Harris said he has black bear-specific training, which includes annual trainings and meetings that are centered around recent science regarding the bears’ habituation and eating habits. He testified that he’s had experiences with black bears in Pacific County, and is familiar with their social behavior and diets.

Based on Jacobson’s report and Douglas’ videos, Harris said the bears in the video clips clearly have access to a very concentrated and unnatural food source — more than just garbage cans that they were able to break into. Unnatural food sources include human processed foods, or pet food.

While some of the bears observed in the videos looked OK, Harris said others looked “huge” for it only being springtime, since bears lose about 30 to 40% of their weight during hibernation in the winter and don’t really start to pack on a lot of weight until summer.

“They’ve obviously been getting a very high-calorie diet,” Harris testified.

He also said that it’s unusual for bears to be that concentrated in one location, “unless there’s a concentrated food source … It’s not normal, not in that density and that smaller area.” He said bears naturally move on from their roaming area after a short period of time, and that he was “kind of amazed” that the same bears in the videos kept coming back to the same place over a period of several months.

Dunkeson asked Harris if the presence of an unnatural food source is indicative that someone is purposely feeding bears. Harris said it was.

“If bears are going there and eating that, then they’re feeding them,” he said.

Harris testified that just because the bears seen in Douglas’ video were seen going toward Parks’ property doesn’t necessarily mean they were heading to a food source. But for some of the bears seen in the videos to get to such a large state that they were in, he said it’s usually because someone is intentionally feeding them, and that bears with access to unnatural food sources tend to be larger.

Parks denies wrongdoing

The last witness to take the stand during the trial was Parks, and was the defense’s sole witness.

Parks testified that bears have been active by her house off-and-on since she first moved there 21 years ago. She said that she only feeds raccoons and birds, and feeds them dog food and bird seed, respectively, noting that the raccoons “have very good manners.” While saying some bird seed does fall onto her deck, she said doesn’t know which animals come and eat the fallen seed.

Unlike Schmid, Parks said she did believe she talked to Jacobson last year, but testified that she doesn’t remember telling him that she knew her feeding activities were attracting bears. She estimated that only a couple of tablespoons of bird seed at most fall onto her deck.

“I am not afraid of bears. You have to be a little cautious, but I have never seen a bear hurt anyone,” Parks said.

Closing arguments

During closing arguments, Dumais told the jury that this was a case about common sense.
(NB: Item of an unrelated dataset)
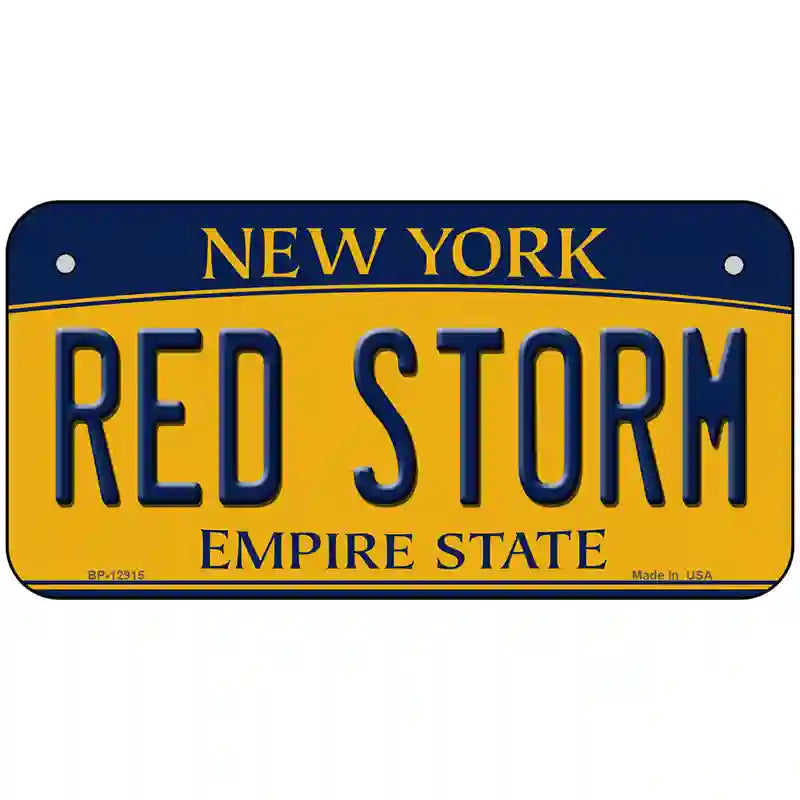 Red Storm Novelty Metal License Plate 6" x 3" (BP)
He cited Harris’ testimony about bears being attracted to large, unnatural food sources, as well as how it was unusual for bears not to move on from a roaming area after a period of time. He cited Douglas’ videos that showed many bears in the neighborhood, compared to what he observed several years earlier.
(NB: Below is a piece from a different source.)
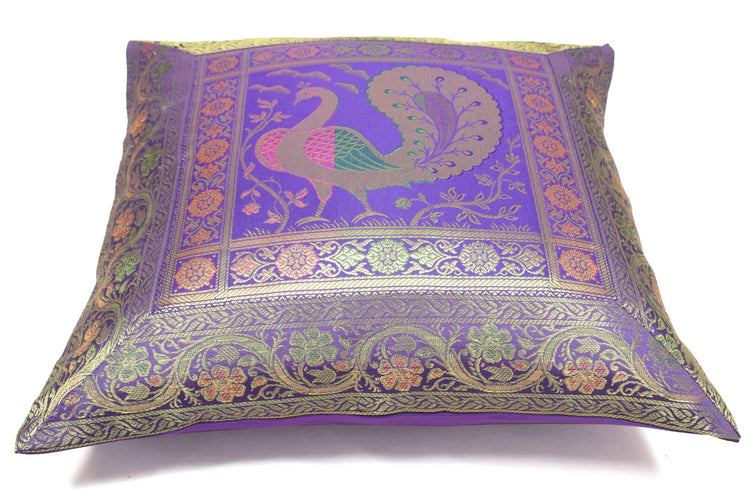 16x16 Inch Blue Cushion Covers Indian Woven Zari Brocade Banarasi Silk Peacock
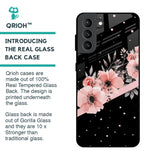 Floral Black Band Glass Case For Samsung Galaxy S21 Plus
Dumais also cited Jacobson’s testimony that Schmid told him Parks intentionally fed bears, as well as his testimony that Parks told him that she knew her feeding of birds and raccoons attracted bears. He focused on the fact that even if Parks wasn’t intentionally feeding bears, her acknowledgement — according to Jacobson’s testimony — that she knew her feeding habits attracted them to her residence was enough to convict.
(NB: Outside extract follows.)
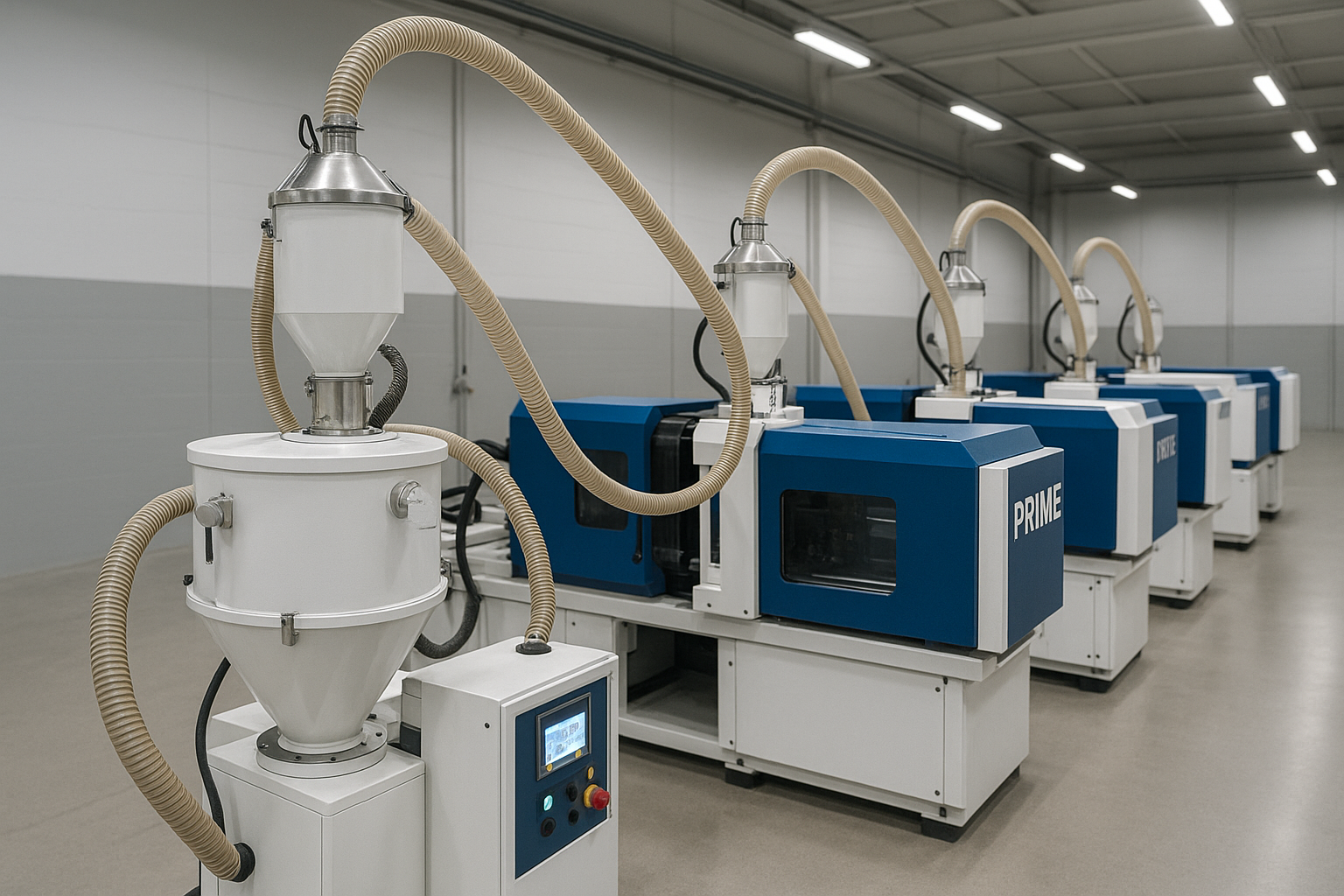 Material drying and feeding system connected to multiple injection molding machines in a centralized PRIME factory setup.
During his closing argument, Dunkeson honed in on the argument that the prosecution wasn’t able to prove “beyond a reasonable doubt” that Parks was intentionally feeding the bears. He cited Parks’ testimony that she doesn’t feed bears, as well as Schmid’s testimony.

He said it would be financially unfeasible for Parks to buy enough bird seed that is needed for the bears seen in the video to be sustained at such large weights. Dunkeson also cited Douglas’ testimony that he wasn’t always at his property when the security camera videos were taken, as well as Harris’ testimony that he was unable to tell exactly how many individual bears were in the video.

In the end, the jury quickly sided with the prosecution.